- _The data_:
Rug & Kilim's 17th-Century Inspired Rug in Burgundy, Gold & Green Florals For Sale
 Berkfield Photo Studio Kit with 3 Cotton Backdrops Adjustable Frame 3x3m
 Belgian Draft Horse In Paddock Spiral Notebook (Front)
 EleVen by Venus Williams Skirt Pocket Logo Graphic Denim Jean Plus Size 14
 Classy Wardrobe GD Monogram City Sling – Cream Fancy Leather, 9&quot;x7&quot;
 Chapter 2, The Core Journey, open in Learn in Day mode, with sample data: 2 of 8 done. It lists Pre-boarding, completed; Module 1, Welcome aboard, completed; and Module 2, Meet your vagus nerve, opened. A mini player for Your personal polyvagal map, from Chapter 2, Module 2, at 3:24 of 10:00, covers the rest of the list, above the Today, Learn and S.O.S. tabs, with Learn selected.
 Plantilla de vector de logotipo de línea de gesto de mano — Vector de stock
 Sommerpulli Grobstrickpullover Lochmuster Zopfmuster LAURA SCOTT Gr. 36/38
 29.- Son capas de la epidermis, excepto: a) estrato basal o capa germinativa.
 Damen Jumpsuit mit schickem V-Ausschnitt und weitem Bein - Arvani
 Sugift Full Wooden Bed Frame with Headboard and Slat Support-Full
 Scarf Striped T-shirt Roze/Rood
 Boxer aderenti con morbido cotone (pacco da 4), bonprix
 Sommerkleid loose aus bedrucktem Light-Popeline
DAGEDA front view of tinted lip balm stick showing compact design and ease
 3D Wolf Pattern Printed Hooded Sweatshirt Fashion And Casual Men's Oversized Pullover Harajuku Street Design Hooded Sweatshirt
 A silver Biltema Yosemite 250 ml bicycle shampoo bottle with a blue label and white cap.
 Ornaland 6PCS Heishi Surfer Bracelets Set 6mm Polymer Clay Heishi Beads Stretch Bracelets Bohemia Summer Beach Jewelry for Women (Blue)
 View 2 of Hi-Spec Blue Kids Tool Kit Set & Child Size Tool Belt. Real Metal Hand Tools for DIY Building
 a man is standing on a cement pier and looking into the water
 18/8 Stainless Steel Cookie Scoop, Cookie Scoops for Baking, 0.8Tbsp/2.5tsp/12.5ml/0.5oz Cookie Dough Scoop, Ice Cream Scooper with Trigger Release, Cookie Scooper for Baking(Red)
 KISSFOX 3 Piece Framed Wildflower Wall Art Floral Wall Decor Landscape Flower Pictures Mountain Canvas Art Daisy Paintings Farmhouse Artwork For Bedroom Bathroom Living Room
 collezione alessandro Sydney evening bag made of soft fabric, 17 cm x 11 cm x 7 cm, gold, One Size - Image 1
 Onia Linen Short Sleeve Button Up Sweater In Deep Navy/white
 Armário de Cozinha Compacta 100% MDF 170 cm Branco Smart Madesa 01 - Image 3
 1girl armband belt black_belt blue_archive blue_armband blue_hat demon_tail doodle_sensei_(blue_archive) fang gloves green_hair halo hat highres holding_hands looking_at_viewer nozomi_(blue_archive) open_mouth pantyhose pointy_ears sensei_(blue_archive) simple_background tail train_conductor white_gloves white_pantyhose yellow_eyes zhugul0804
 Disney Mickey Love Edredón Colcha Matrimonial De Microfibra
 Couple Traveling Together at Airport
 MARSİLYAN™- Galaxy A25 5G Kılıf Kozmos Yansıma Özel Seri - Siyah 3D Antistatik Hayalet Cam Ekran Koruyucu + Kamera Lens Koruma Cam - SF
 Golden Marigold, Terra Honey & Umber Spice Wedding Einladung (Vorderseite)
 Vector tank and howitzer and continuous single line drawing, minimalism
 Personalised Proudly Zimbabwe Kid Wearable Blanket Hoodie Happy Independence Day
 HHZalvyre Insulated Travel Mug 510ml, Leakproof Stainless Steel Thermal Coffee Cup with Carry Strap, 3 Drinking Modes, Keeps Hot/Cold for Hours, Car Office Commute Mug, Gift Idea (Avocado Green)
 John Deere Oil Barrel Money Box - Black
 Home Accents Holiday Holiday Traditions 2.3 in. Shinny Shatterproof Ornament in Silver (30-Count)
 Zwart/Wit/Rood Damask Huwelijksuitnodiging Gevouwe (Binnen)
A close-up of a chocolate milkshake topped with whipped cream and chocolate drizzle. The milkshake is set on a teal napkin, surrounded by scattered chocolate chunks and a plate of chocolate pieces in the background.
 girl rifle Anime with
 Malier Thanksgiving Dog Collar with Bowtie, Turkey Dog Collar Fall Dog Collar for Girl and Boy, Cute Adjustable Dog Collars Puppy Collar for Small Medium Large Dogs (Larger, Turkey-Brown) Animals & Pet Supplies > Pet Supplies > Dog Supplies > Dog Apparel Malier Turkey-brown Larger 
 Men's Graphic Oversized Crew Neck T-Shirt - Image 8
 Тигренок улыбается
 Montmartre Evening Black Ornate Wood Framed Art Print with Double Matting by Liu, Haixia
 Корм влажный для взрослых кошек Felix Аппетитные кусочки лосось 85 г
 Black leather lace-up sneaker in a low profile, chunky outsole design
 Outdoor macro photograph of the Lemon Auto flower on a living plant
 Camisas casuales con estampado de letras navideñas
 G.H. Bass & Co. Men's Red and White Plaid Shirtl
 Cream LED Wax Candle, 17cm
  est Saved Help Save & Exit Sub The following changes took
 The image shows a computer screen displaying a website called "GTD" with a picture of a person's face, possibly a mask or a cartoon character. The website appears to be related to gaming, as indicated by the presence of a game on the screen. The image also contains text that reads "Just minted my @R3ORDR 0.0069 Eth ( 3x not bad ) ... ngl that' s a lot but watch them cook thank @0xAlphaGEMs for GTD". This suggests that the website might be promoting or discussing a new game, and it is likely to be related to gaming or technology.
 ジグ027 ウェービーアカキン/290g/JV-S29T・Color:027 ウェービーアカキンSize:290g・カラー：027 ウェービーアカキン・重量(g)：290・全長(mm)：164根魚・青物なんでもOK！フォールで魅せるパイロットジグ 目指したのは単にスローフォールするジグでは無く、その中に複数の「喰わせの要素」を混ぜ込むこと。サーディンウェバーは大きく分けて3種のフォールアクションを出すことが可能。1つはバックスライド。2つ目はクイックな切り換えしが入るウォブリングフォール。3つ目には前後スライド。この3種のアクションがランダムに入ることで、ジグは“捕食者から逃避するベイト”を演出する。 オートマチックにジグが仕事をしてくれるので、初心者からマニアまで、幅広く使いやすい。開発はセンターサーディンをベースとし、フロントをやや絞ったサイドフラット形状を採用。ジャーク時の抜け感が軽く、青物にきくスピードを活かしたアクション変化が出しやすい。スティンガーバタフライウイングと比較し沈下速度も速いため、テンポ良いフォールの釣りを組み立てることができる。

- _Brief_:
Everything from the line containing "3D Wolf Pattern" through the line containing "Couple Traveling Together at Airport" in the material above should be retyped exactly, both ends included, and nothing more.

- _Your response_:
 3D Wolf Pattern Printed Hooded Sweatshirt Fashion And Casual Men's Oversized Pullover Harajuku Street Design Hooded Sweatshirt
 A silver Biltema Yosemite 250 ml bicycle shampoo bottle with a blue label and white cap.
 Ornaland 6PCS Heishi Surfer Bracelets Set 6mm Polymer Clay Heishi Beads Stretch Bracelets Bohemia Summer Beach Jewelry for Women (Blue)
 View 2 of Hi-Spec Blue Kids Tool Kit Set & Child Size Tool Belt. Real Metal Hand Tools for DIY Building
 a man is standing on a cement pier and looking into the water
 18/8 Stainless Steel Cookie Scoop, Cookie Scoops for Baking, 0.8Tbsp/2.5tsp/12.5ml/0.5oz Cookie Dough Scoop, Ice Cream Scooper with Trigger Release, Cookie Scooper for Baking(Red)
 KISSFOX 3 Piece Framed Wildflower Wall Art Floral Wall Decor Landscape Flower Pictures Mountain Canvas Art Daisy Paintings Farmhouse Artwork For Bedroom Bathroom Living Room
 collezione alessandro Sydney evening bag made of soft fabric, 17 cm x 11 cm x 7 cm, gold, One Size - Image 1
 Onia Linen Short Sleeve Button Up Sweater In Deep Navy/white
 Armário de Cozinha Compacta 100% MDF 170 cm Branco Smart Madesa 01 - Image 3
 1girl armband belt black_belt blue_archive blue_armband blue_hat demon_tail doodle_sensei_(blue_archive) fang gloves green_hair halo hat highres holding_hands looking_at_viewer nozomi_(blue_archive) open_mouth pantyhose pointy_ears sensei_(blue_archive) simple_background tail train_conductor white_gloves white_pantyhose yellow_eyes zhugul0804
 Disney Mickey Love Edredón Colcha Matrimonial De Microfibra
 Couple Traveling Together at Airport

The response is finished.